Using Technology to Build Community

Photo by Joshua Rawson-Harris on Unsplash

Technology often gets a bad rap in terms of taking us away from those we love.

Don’t get me wrong. I know first hand that technology can be a huge distraction from being present (in fact, I may have been reminded of as much by a dear friend during my 40th birthday weekend celebration), but there’s been a lot written on the “evils of technology.”

So, in this post, I’d like to offer the start of a different story, a story from another perspective.

I want to talk a little bit about how technology has allowed me to build a personal and professional community beyond distance, space and time.

The last week has been a tough one, as I’ve been dealing with all that’s been happening politically in the United States. It’s also been tough professionally, in dealing with a situation at work.

Plus, honestly, life is tough being an academic mother every day.

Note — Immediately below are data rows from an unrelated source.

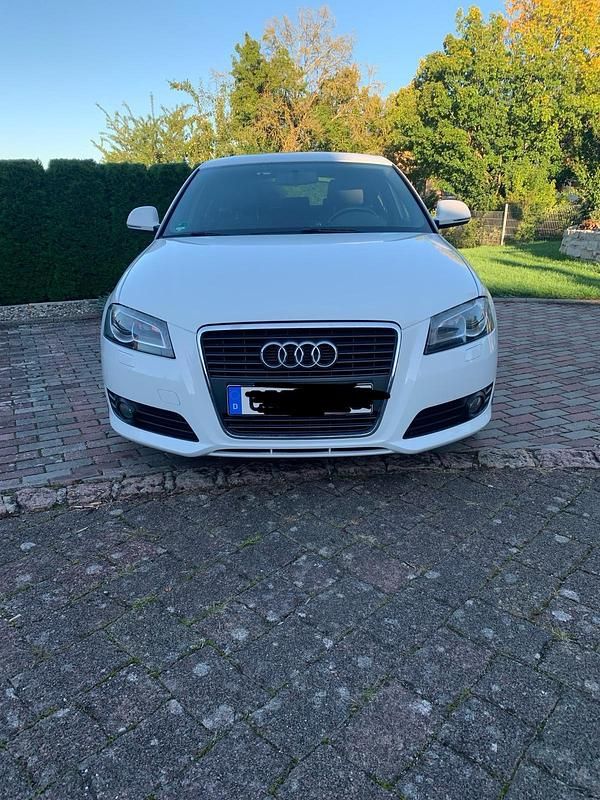 Weiß Gebraucht 2009 Audi A3 Sportback Kombi | 4.200 € (Fairer Preis) - Bild 1/4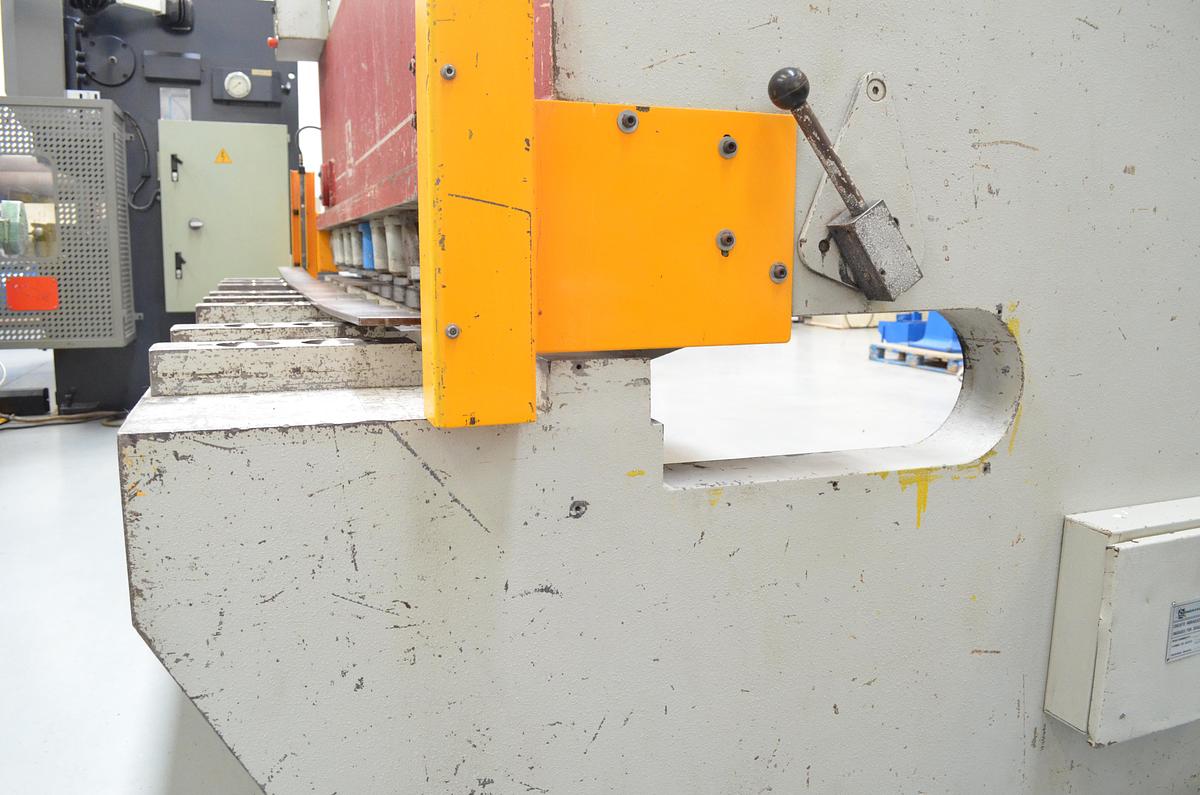 Usado Cizalla hidráulica Casanova VC-26 3100x20mm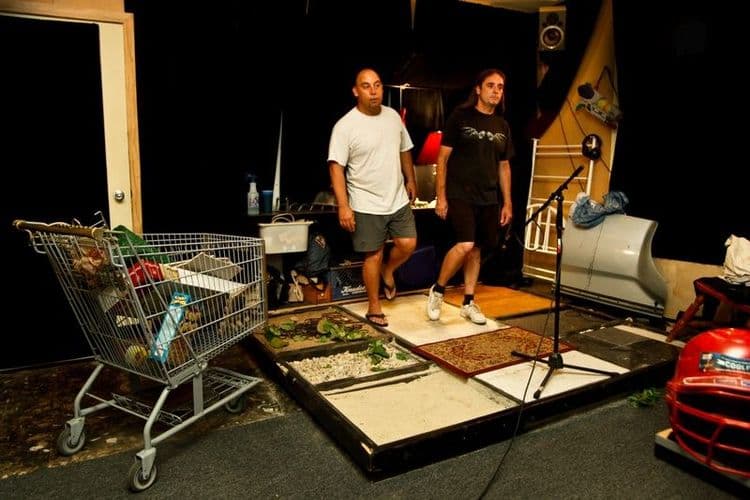 पडद्यामागची गोष्ट - सिनेमातील 'फॉले' हा काय प्रकार असतो भाऊ ? पहा व्हिडीओ...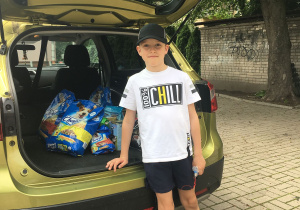 Samuel z klasy 2a przyniosł karmę dla zwierząt.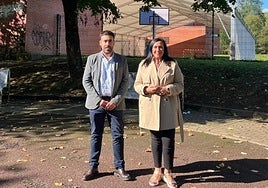 El portavoz Aritz Alkain y la concejal Belén Moreno del PSE-EE en las inmediaciones del Polideportivo.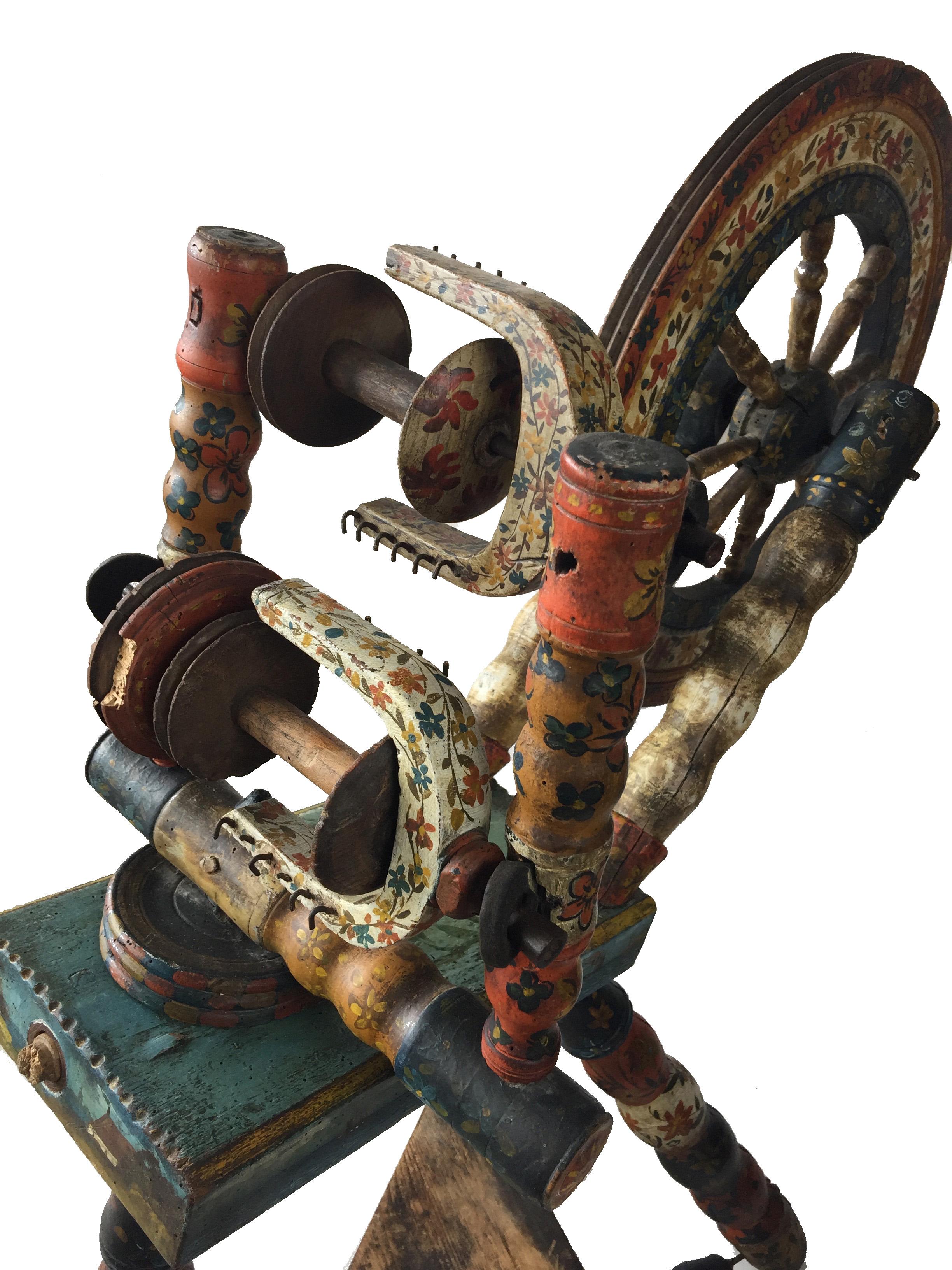 Hand-Crafted Early 18th Century Dutch Hand Painted Spinning Wheel For Sale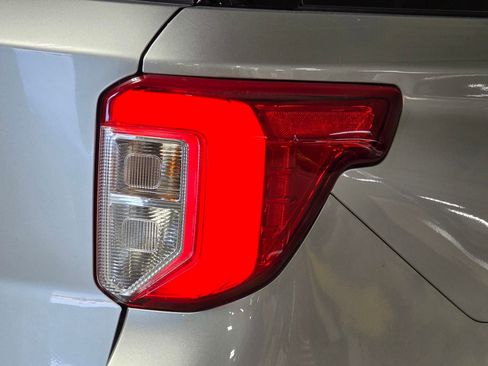 Used 2021 Ford Explorer XLT RWD image 12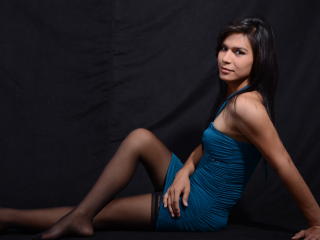 AlessandraHot - Chat exciting with a black hair Ladyboy 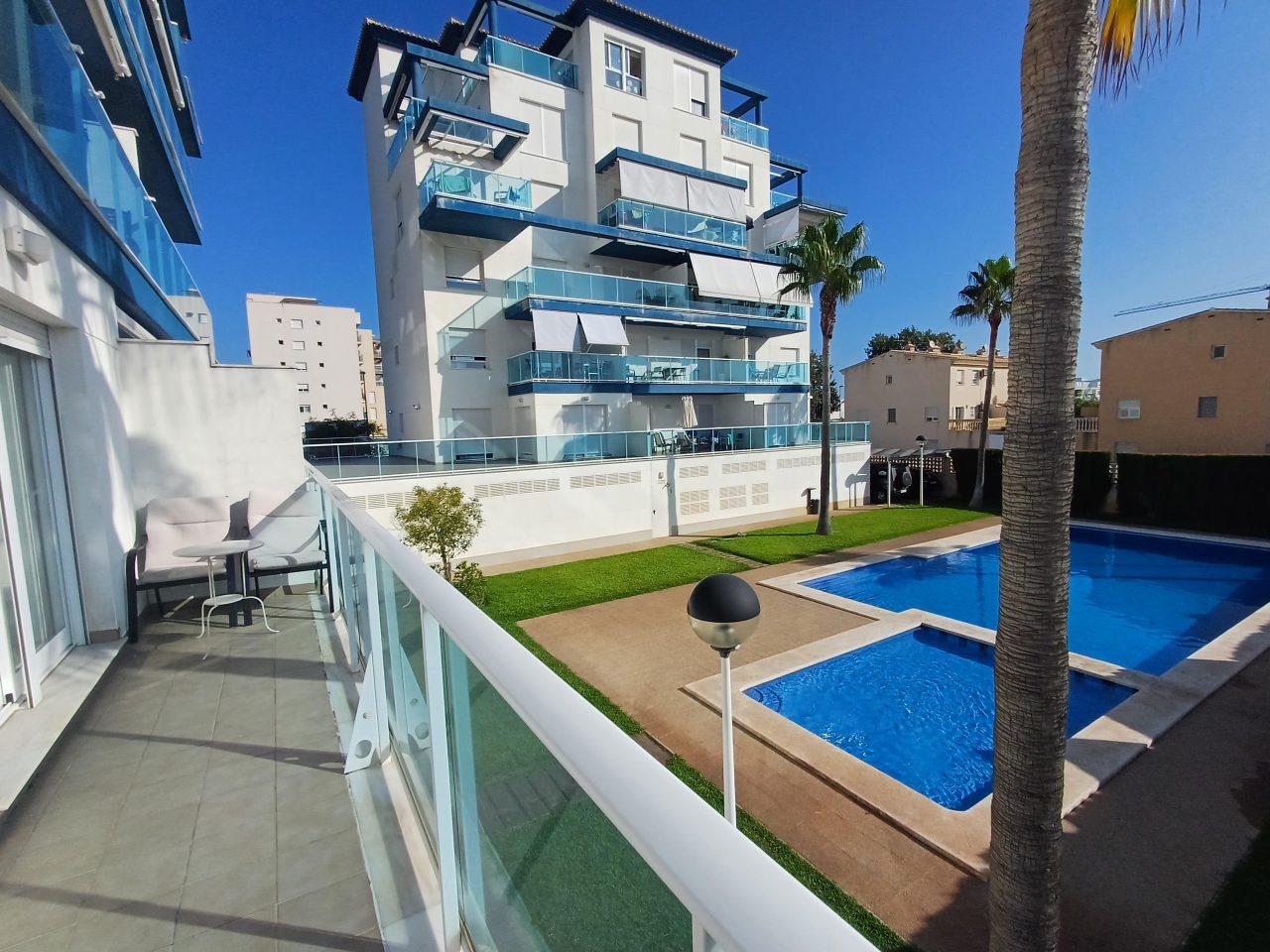 Apartamento en Alquiler en Oliva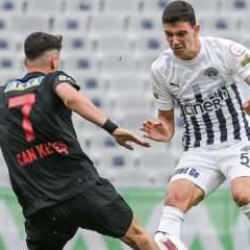 Derbi gol yağmuruna sahne oldu! 3 puan 'Paşa'ya gitti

But, my social media community often offers me faith, grace, hope and a space of community when I only have a moment and access to the internet, and when I’m stressed to the gills. They totally came through for me in this last week.  My community offered resources that I couldn’t think of when I was tired and stressed.  My community offered kindness when I felt like I just couldn’t understand why things were the way they were. They empathized and reflected. They cared and followed up.

It’s not all roses. Sometimes my community tell me hard truths. Sometimes they correct me. Sometimes they don’t get me.  But, more often than not, my virtual community helps to connect me when I feel completely disconnected. And when I see those people I’m connected with on social media in person, they check-in because they already know without me having to relive the things I’m struggling with.

I’m a work in progress in terms of using technology productively, rather than letting technology run the show in my life, but today, I’m grateful, because technology affords me community, reminds me to reach out, and shows me that I’m not alone.